This post was written by Owen Boswarva
For a third year running the United Kingdom has come out at or near the top of the Global Open Data Index. Unlike many of the countries that did well in previous years, the UK’s overall standing has not been greatly affected by the addition of five new categories. This demonstrates the broad scope of the UK’s open data programme. Practitioners within UK government who work to develop and release open datasets have much of which to be proud.
However the UK’s role as an open data leader also carries the risk of overconfidence. Policymakers can easily be tempted to rest on their laurels. If we look in more detail at this year’s submissions we can find plenty of learning points and areas for further development. There are also some signs the UK open data agenda may be losing momentum.

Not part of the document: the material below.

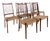 Danish Model MK200 Dining Chairs from Arne Hovmand-Olsen, Set of 6 For Sale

The biggest gap this year is in election results data, with the Electoral Commission dataset disqualified because it only reports down to constituency level. The criteria have changed from previous years, so this decision may seem a little harsh. But globally most electoral fraud takes place at the polling station. The UK is a mature democracy and should set an example by publishing more granular data.

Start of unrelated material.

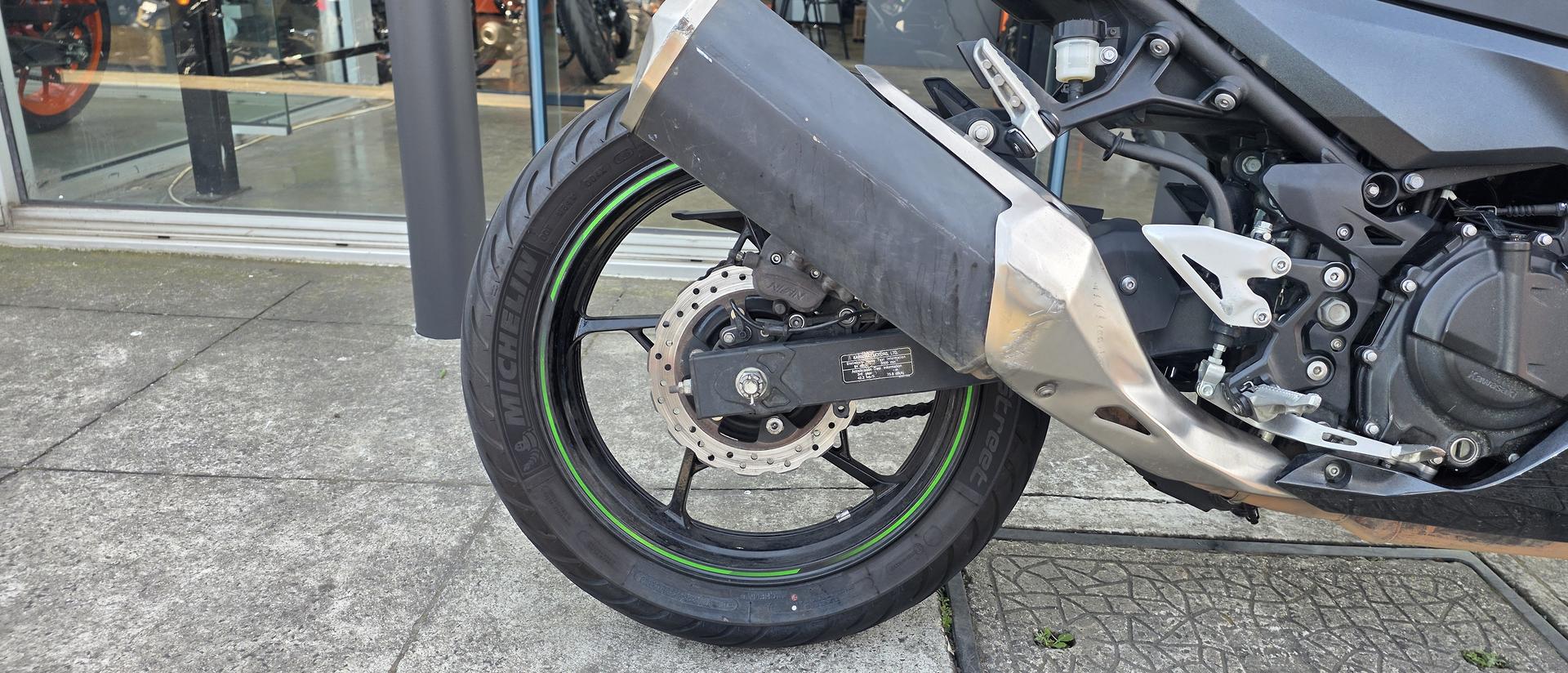 2023 KAWASAKI NINJA 400 SPORTS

There is a similar weakness in UK public data on water quality, which is available only at a high level in annual reports from regulators. Environmental data in general has been a mixed bag in 2015. Ordnance Survey, which maps most of the UK, published the first detailed open map of the river network; and the environment department Defra announced an ambition to release 8,000 open datasets. However there is a noticeable absence of open bulk data for historical weather observations and air pollution measurements.
UK progress on open data is also held back by the status of land ownership data. Ownership records and land boundaries are maintained by Land Registry and other government agencies. But despite (or perhaps because of) the considerable public interest in understanding how property wealth is distributed in the UK, this invaluable data is accessible only on commercial terms.

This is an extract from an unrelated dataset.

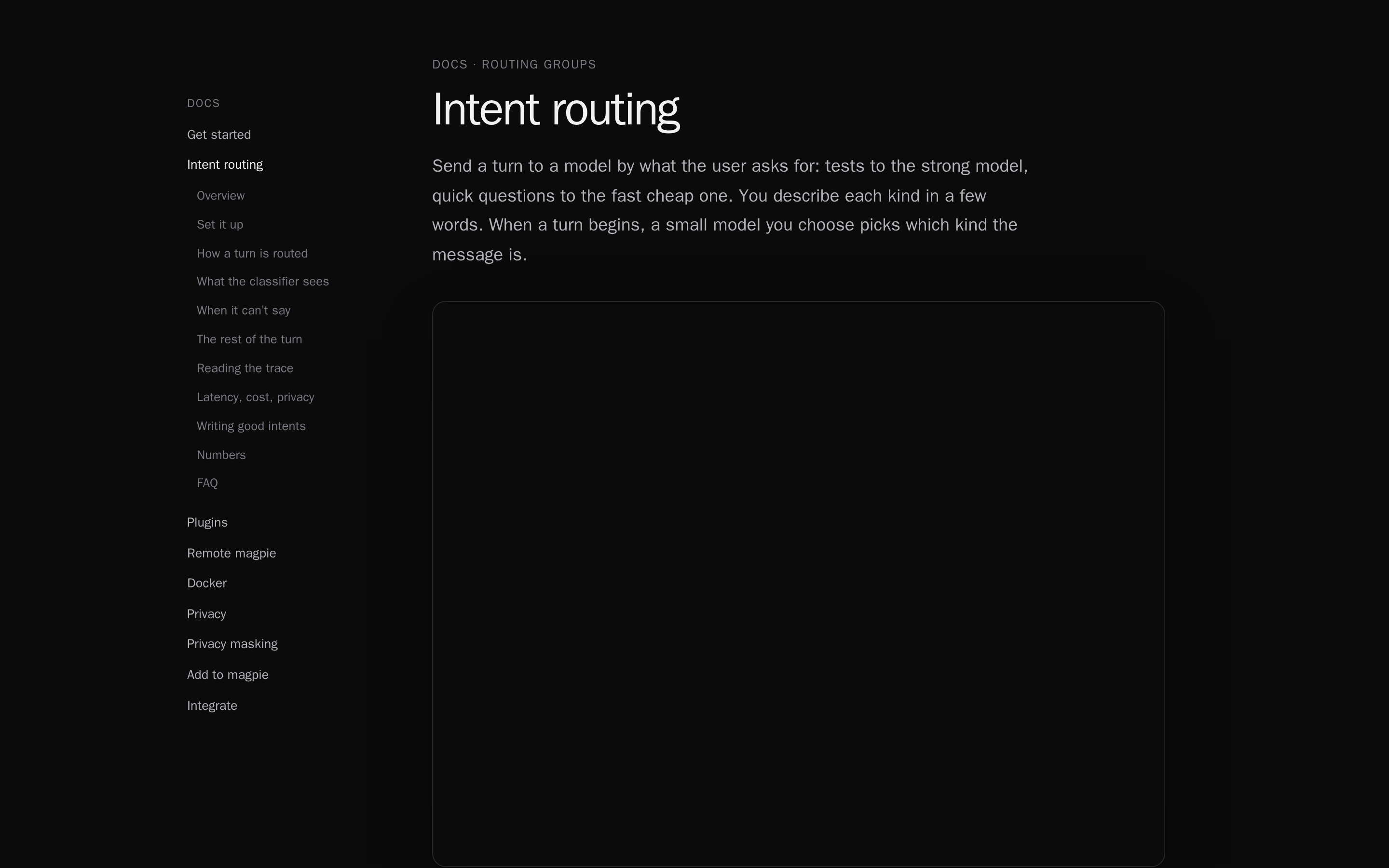 magpie — docs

In other categories we can see deteriorations in the quality of UK open data.
National Archives is struggling to maintain its much-admired Legislation.gov.uk dataset. The latest version of Contracts Finder, an open search facility for public sector procurement contracts, no longer offers bulk downloads. Government digital strategy is turning steadily towards APIs and away from support for analytic re-use of public data.
Can the UK sustain its record of achievement in open data policy? Most of the central funding streams that supported open data release in recent years came to an end in 2015. A number of user engagement groups and key initiatives have either been wound up or left to drift. Urban and local open data hubs are thriving, but political devolution and lack of centralised collection are creating regional disparities in the availability of open data. Truly national datasets, those that help us understand the UK as a nation, are becoming harder to find.
UK open data policy may play well on the international stage, but at home there is still plenty of work for campaigners to do.